Taking the line with "Old Coburg Road" as the first and the line with "Portable white jewelry" as the last, set down the lines below exactly, pictures excluded.

* _Record excerpts_:
--*--

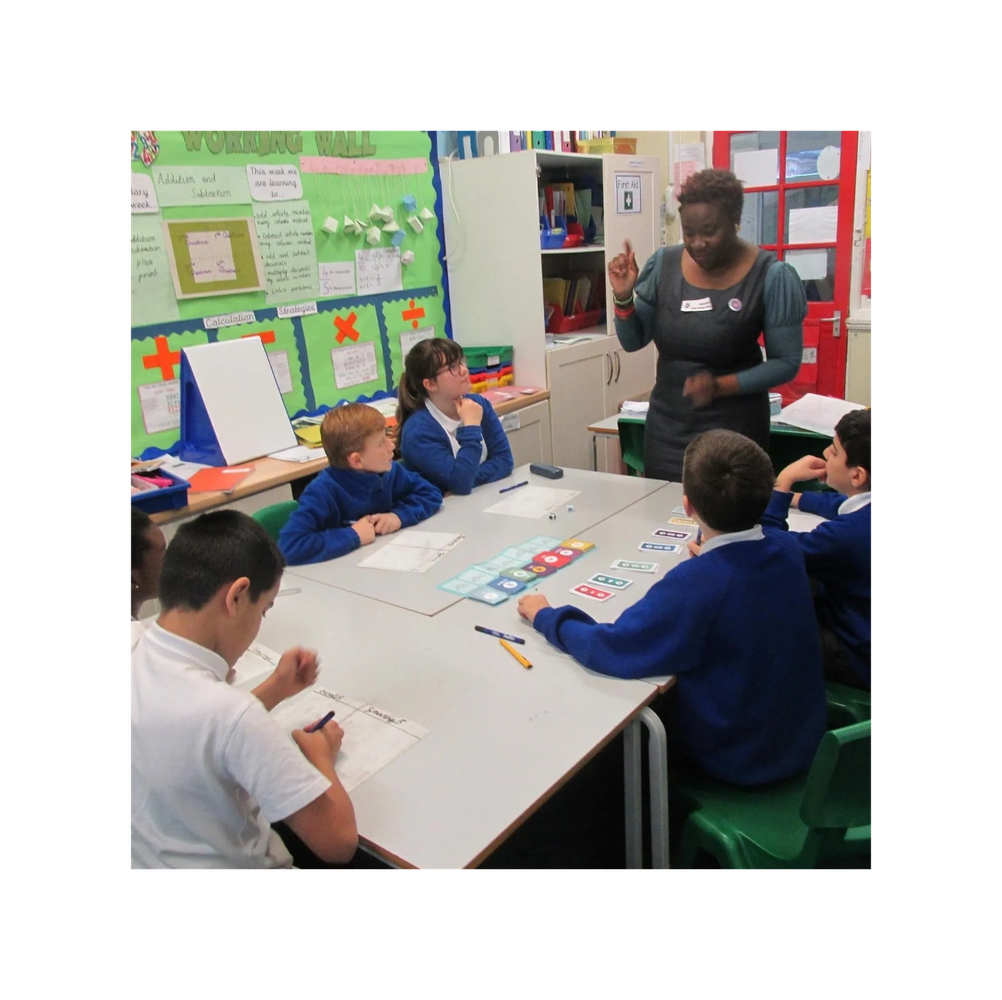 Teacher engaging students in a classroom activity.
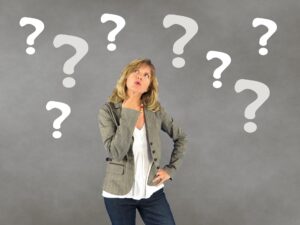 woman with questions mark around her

--*--

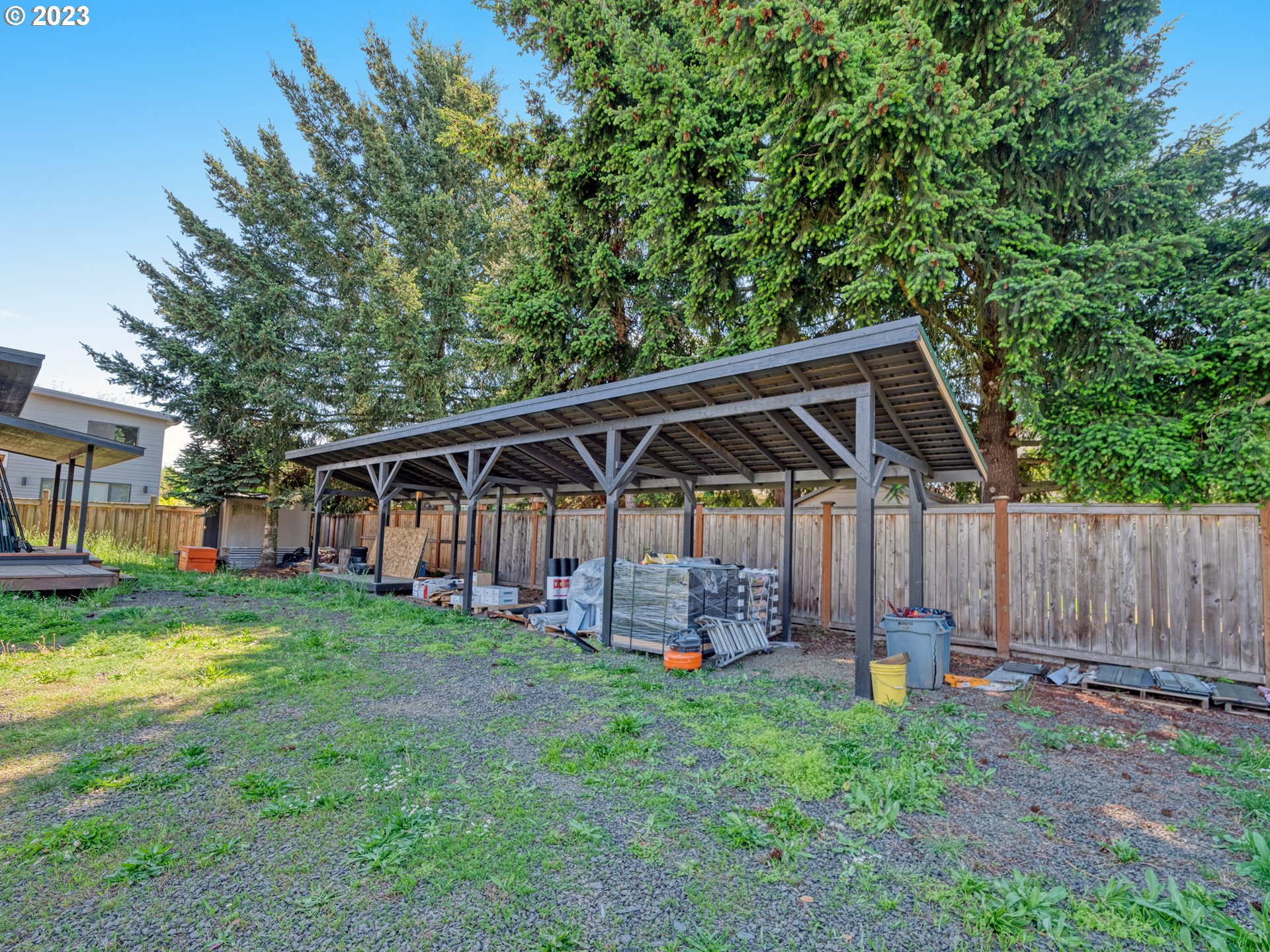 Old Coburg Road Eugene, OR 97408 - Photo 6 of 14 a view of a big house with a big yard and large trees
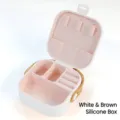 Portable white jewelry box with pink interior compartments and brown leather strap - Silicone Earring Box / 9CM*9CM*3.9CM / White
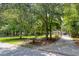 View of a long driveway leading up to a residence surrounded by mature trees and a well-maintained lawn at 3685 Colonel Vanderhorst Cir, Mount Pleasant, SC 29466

--*--

* _Written solution_:
 Old Coburg Road Eugene, OR 97408 - Photo 6 of 14 a view of a big house with a big yard and large trees
 Portable white jewelry box with pink interior compartments and brown leather strap - Silicone Earring Box / 9CM*9CM*3.9CM / White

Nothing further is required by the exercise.